マルコ 4:24 「何を聞いているかに注意しなさい」
礼拝説教も「対話」であるということをききました。外からみると、牧師が一方的に話しているように見えます。しかし、説教は神様の語りかけに、そこで聞く信徒が自分の中で問をおこしている状態です。その問いに答えるのが、イエス様のみ言葉なのです。礼拝説教でその時起こっていることは、神様と自分との対話です。対話があるとき、福音が伝えられていくのです。
イエス様は、人々の聞く力に応じてたくさんの「たとえ話」をされました。聞く人が何を求めているかを知っておられ、小さなことにまで、イエスさまの目が注がれているのかと感動することがあります。本日のみ言葉は「ともし火」と「秤」のたとえを語られたあとの言葉です。生活の中で使用している、ごくあたりまえの道具をつかった話です。「灯を持ってくるのは、燭台の上に置くため」。その通りですが、ここから何を聞きとるかが大切なことです。

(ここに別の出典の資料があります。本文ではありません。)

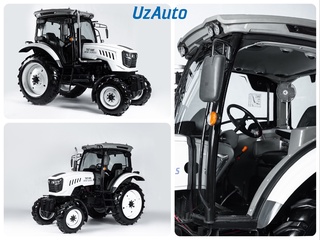 UzAuto Қозоғистонда қишлоқ хўжалиги техникаси ишлаб чиқаришни йўлга қўйиш ишларини давом эттирмоқда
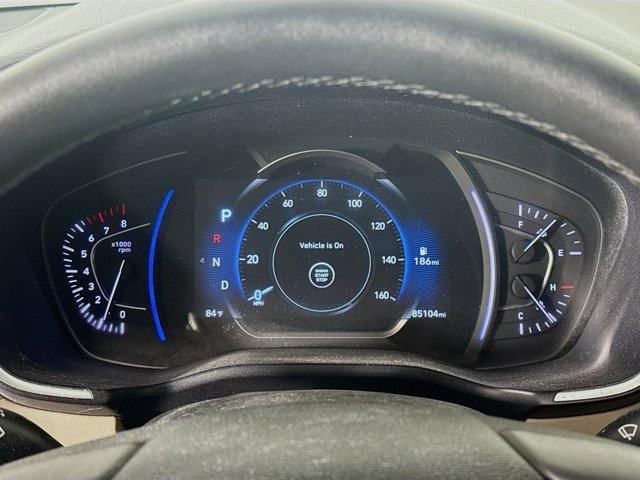 used 2020 Hyundai Santa Fe car, priced at $14,498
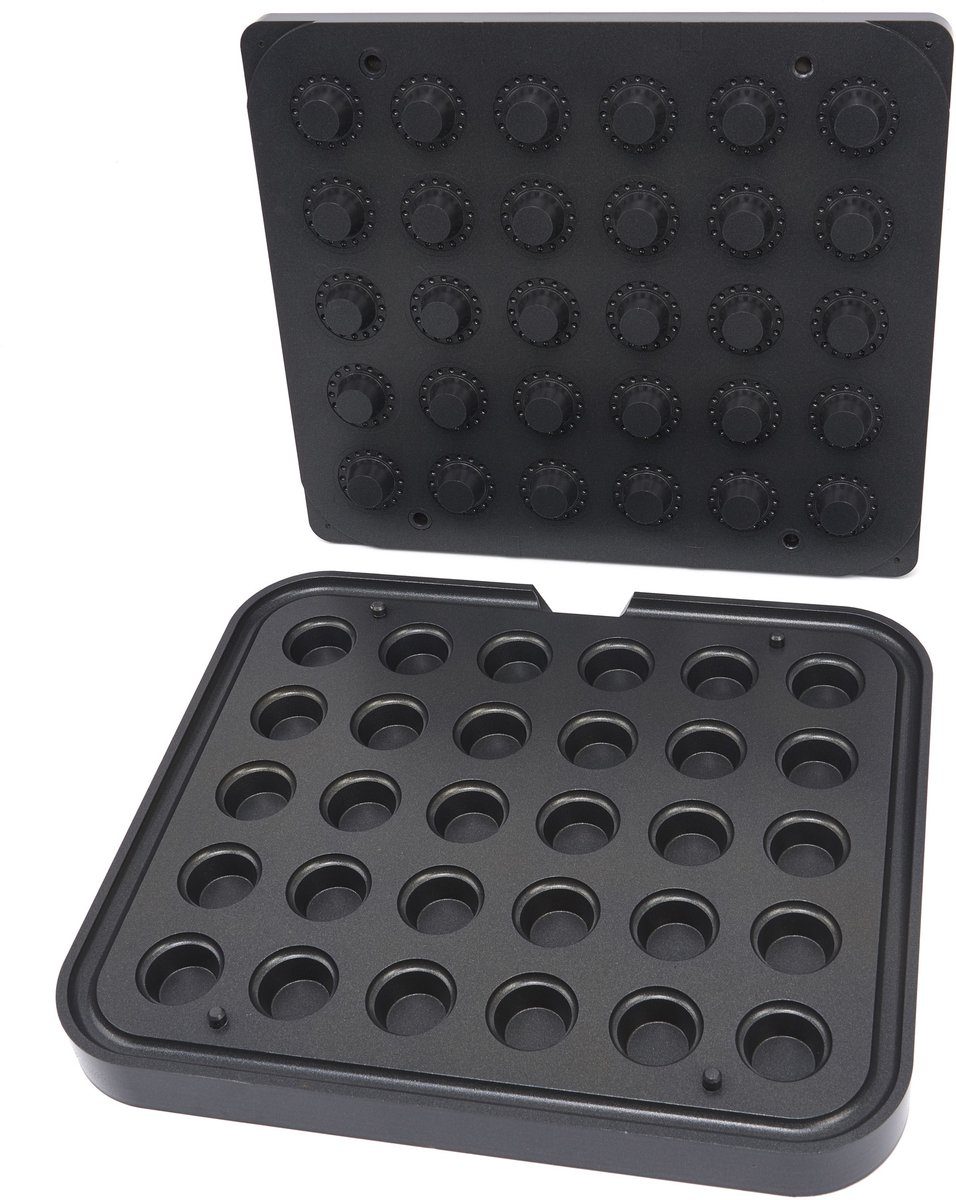 Maxima Tartelette Vorm Rond 47/ 29 mm (30 stuks)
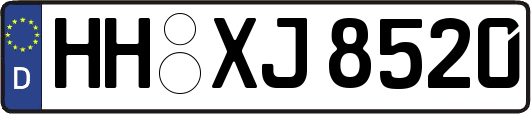 HH-XJ8520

最近、気がついたことの一つに「教える人は聞かない?」ということがあります。教える人というのは、教会の牧師、学校の先生、趣味の教室の先生などです。しかし、よく考えてみると誰でもが教える人になりえると言えます。親という立場も子どもに教えるという存在になりますし、バイトの先輩や兄弟姉妹でもそのような立場になります。ただ、気がついたことは「教える」ということから物事を始めると「聞くことができない」状況に陥ると思うのです。先生という存在は「まず、わたしの話を黙って聞きなさい」というものです。私は教える人、あなたは教えられる人という立場を作り上げます。そこにいる人が何を考え、何を求めているかを聞いて(受けとめ)、それから教えることが本来の姿です。それを忘れるから聞いてもらえないことがおこっているかもしれません。
イエス様は「何を聞いているかに注意しなさい」と言われました。教える者も「何を聞いているか」から発想し、教えるのではなく伝えるという立場にたつことが大切です。まずは聞くことから始めなければ、教えることはできません。その人が何を考え、何を聞きたいかがわからない限り、たとえ教えたとしても伝わって行かないのです。イエス様のみ言葉は一方的ではなかったのです。応答という素晴らしいやりとりがつねにありました。